To examine whether these dlx-positive cells were in the oligodendrocyte lineage, we first double-immunolabeled E18 sections with NG2, a surface marker expressed on early oligodendrocyte progenitor cells (Dawson et al., 2000). Double-labeled cells were visible in the emerging forebrain white matter tracts (Fig. 3). To quantify the double-labeled population, E18 forebrain tissue was enzymatically dissociated to single cells, which were stained acutely (Fig.4). Seventeen percent of cortical and 44% of striatal NG2-positive cells at E18 were dlx-positive. Given that essentially all of the dlx-positive cells that are detected in the cerebral cortex are believed to migrate from basal areas (Anderson et al., 1997, 2001), these data suggest that some of the early oligodendrocyte progenitor cells originate from the basal forebrain.

Fig. 3.

Fig. 3.

NG2-positive cells expressing dlx in E18 mouse corpus callosum. E18 mouse brain sections were stained with anti-dlx and with NG2, a marker expressed by oligodendrocyte progenitor cells. A, B, Low-power light micrograph of the same field of a section of E18 corpus callosum double-labeled for dlx in_brown_ (A) and for NG2 with a Cy3-labeled secondary antibody (B). C, D, High magnification of the boxed areas in_A_ and B, respectively.Arrows indicate a cell double-labeled for dlx and NG2. Scale bars: A, 50 μm; C, 25 μm.

Fig. 4.

Fig. 4.

NG2-positive cells acutely isolated from E18 mouse forebrain express dlx. E18 cortical and striatal tissue was enzymatically dissociated with papain to single cells, which were fixed acutely and stained for NG2 and dlx. A–C, Cortical cells; D–F, striatal cells. A, D, Phase images of cells acutely isolated from E18 cortex and striatum.B, E, NG2 staining of cells in A and_D_. Arrows indicate NG2-positive cells (red). C, F, Double staining of cells in_A_ and D for NG2 (yellow) and dlx (green).Arrows indicate cells double-labeled for NG2 and dlx.Arrowhead in F indicates a cell that is dlx-positive but NG2-negative. Scale: 1 cm = 46.7 μm.

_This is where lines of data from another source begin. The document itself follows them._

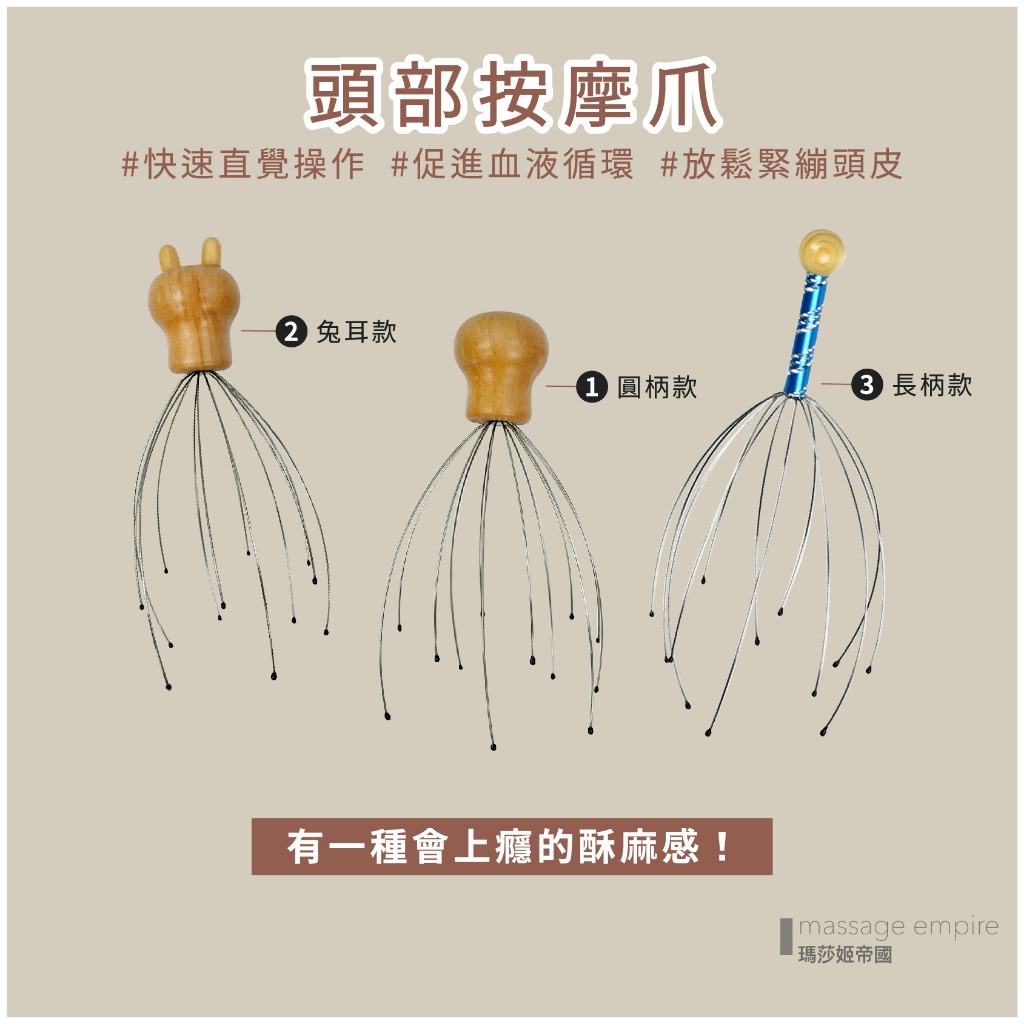 熱賣頭部舒壓按摩爪／ 按摩梳 頭皮按摩梳 按摩頭皮 頭部經絡按摩 頭皮按摩器 眼周穴位按摩 #爪爪頭按摩器#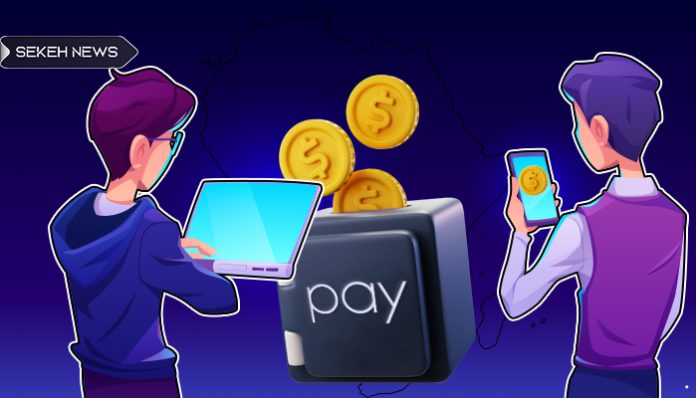 گسترش استفاده از روش های نوظهور پرداخت در قاره سیاه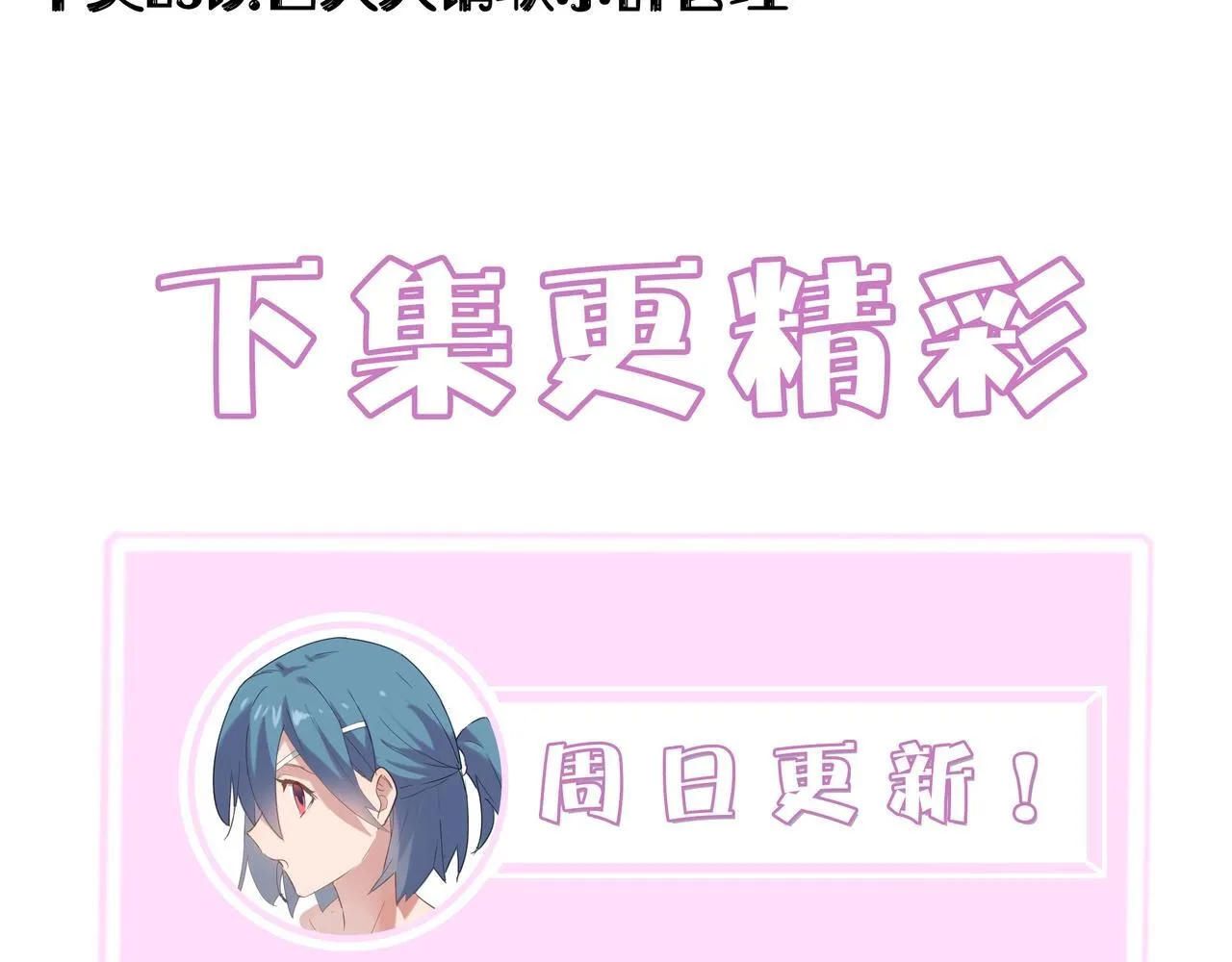 第2话 魔兽试炼193
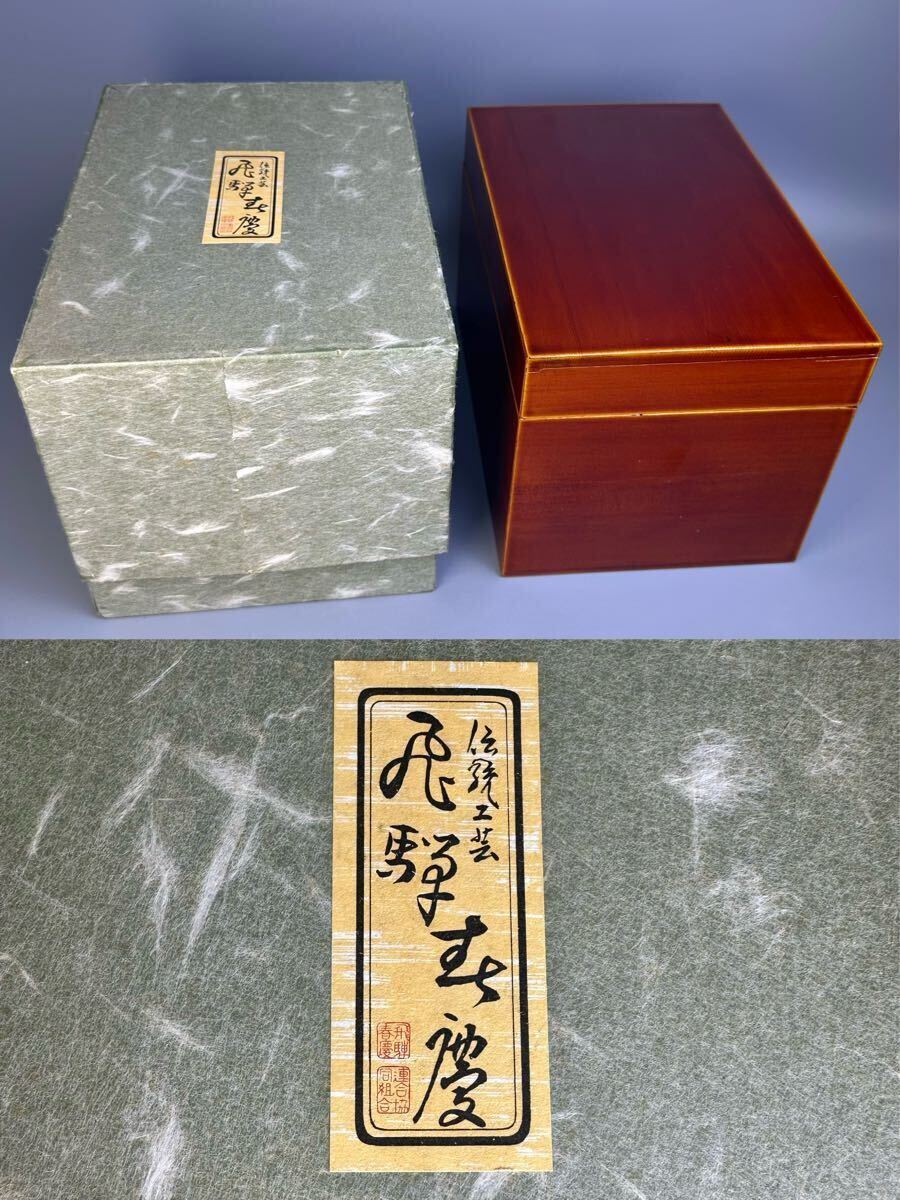 茶箱 春慶塗 漆塗 木製 茶道具 お稽古道具 レ絵10 茶箱 春慶塗 漆塗 木製 茶道具 お稽古道具 レ絵10 茶箱 春慶塗 漆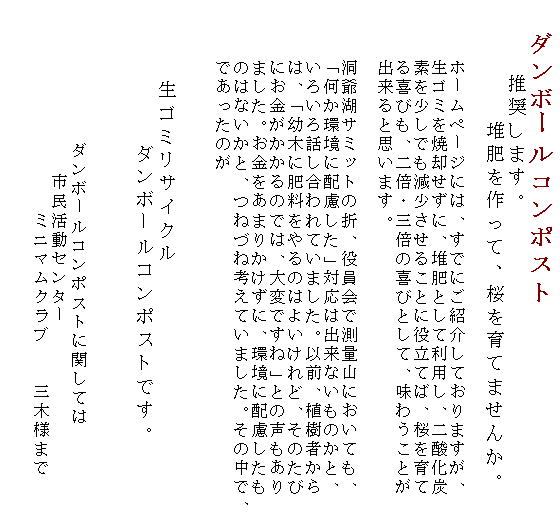 �e�L�X�g �{�b�N�X: �@�_���{�[���R���|�X�g
�@�@�@�������܂��B
�@�@�@�@�@�͔������āA������Ă܂��񂩁B

�@�@�@�z�[���y�[�W�ɂ́A���łɂ��Љ�Ă���܂����A
�@�@�@���S�~���ċp�����ɁA�͔�Ƃ��ė��p���A��_���Y
�@�@�@�f�������ł����������邱�Ƃɖ𗧂Ă΁A�������
�@�@�@���т��A��{�E�O�{�̊�тƂ��āA���키���Ƃ�
�@�@�@�o����Ǝv���܂��B

�@�@�@����΃T�~�b�g�̐܁A������ő��ʎR�ɂ����Ă��A
�@�@�@�u�������ɔz�������v�Ή��͏o���Ȃ����̂��ƁA
�@�@�@���낢��b�������Ă��܂����B�ȑO�A�A���҂���
�@�@�@�́A�u�c�؂ɔ엿�����̂͂悢����ǁA���̂���
�@�@�@�ɂ�����������̂ł́A��ςł��ˁv�Ƃ̐�������
�@�@�@�܂����B���������܂肩�����ɁA���ɔz��������
�@�@�@�̂͂Ȃ����ƁA�˂Âˍl���Ă��܂����B���̒��ŁA
�@�@�@�ł������̂�
�@�@�@
�@�@�@�@
�@�@�@�@���S�~���T�C�N���@
      �_���{�[���R���|�X�g�ł��B

�@�@�@�@�@�@
�@�@�@�@�@�@�_���{�[���R���|�X�g�Ɋւ��Ă�
�@�@�@�@�@�@�@�@�@�s�������Z���^�[
�@�@�@�@�@�@�@�@�@�@�@�~�j�}���N���u�@�@�O�ؗl�܂�

�@�@�@�@�@�@




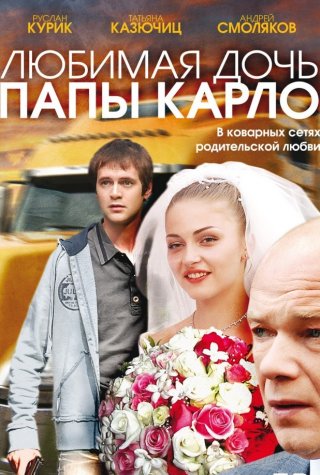 Любимая дочь папы Карло (2008)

A subpopulation of postnatal cortical oligodendrocytes expresses the basal cell marker dlx

To determine whether these dlx-positive oligodendrocyte progenitor cells developed into mature oligodendrocytes, we examined dlx expression in acutely isolated O1-immunopanned oligodendrocytes from P5 rat cortex. O1 antibody, which recognizes galactocerebroside, labels primarily postmitotic oligodendrocytes (Warrington and Pfeiffer, 1992). As shown in Figure 5, a substantial fraction, nearly 40%, of O1-immunopanned cells expressed the basal cell marker dlx. In contrast, none of the O4-positive or O1-positive oligodendrocytes obtained from the P5 optic nerve expressed dlx. These data indicate that basal-derived oligodendrocyte progenitor cells contribute substantially to the mature oligodendrocyte population in dorsal white matter, migrating into the subcortical white matter, the corpus callosum, and into the fimbria. Because not all basal cells express dlx and because dlx expression is transient, declining with development (Porteus et al., 1994), it is possible that we might have underestimated the contribution of basal oligodendrocytes to dorsal white matter tracts. The fact that no dlx was detectable in optic nerve shows that dlx is not a general marker of developing oligodendrocytes, and that dlx-positive oligodendrocyte lineage cells do not migrate into this region of white matter. These observations suggest that just as basal-derived GABAergic neurons can migrate dorsally into cerebral cortex and even into hippocampus (Anderson et al., 1997; Pleasure et al., 2000), some basal-derived oligodendrocyte lineage cells can migrate long distances into dorsal white matter tracts, including the hippocampal white matter.

Fig. 5.

Fig. 5.

Dlx expression in O1-immunopanned cortical oligodendrocytes. Postmitotic oligodendrocytes (O1-positive) were immunoselected from P5 rat cerebral cortex. The cells were fixed acutely and stained with O4 antibody to confirm their oligodendrocyte identity and dlx. A, Phase image of two O1-immunoselected P5 cortical cells. B, O4 staining of cells in A. C, The oligodendrocyte on the_left_ is dlx-negative, whereas the one on the_right_ is dlx-positive, with typical nuclear staining.D, The percentage of dlx-positive cells in O1-immunopanned P5 cortical cells was 38%. In contrast, no dlx-positive cells were found in oligodendrocytes isolated from the P5 optic nerve. Scale: 1 cm = 48 μm.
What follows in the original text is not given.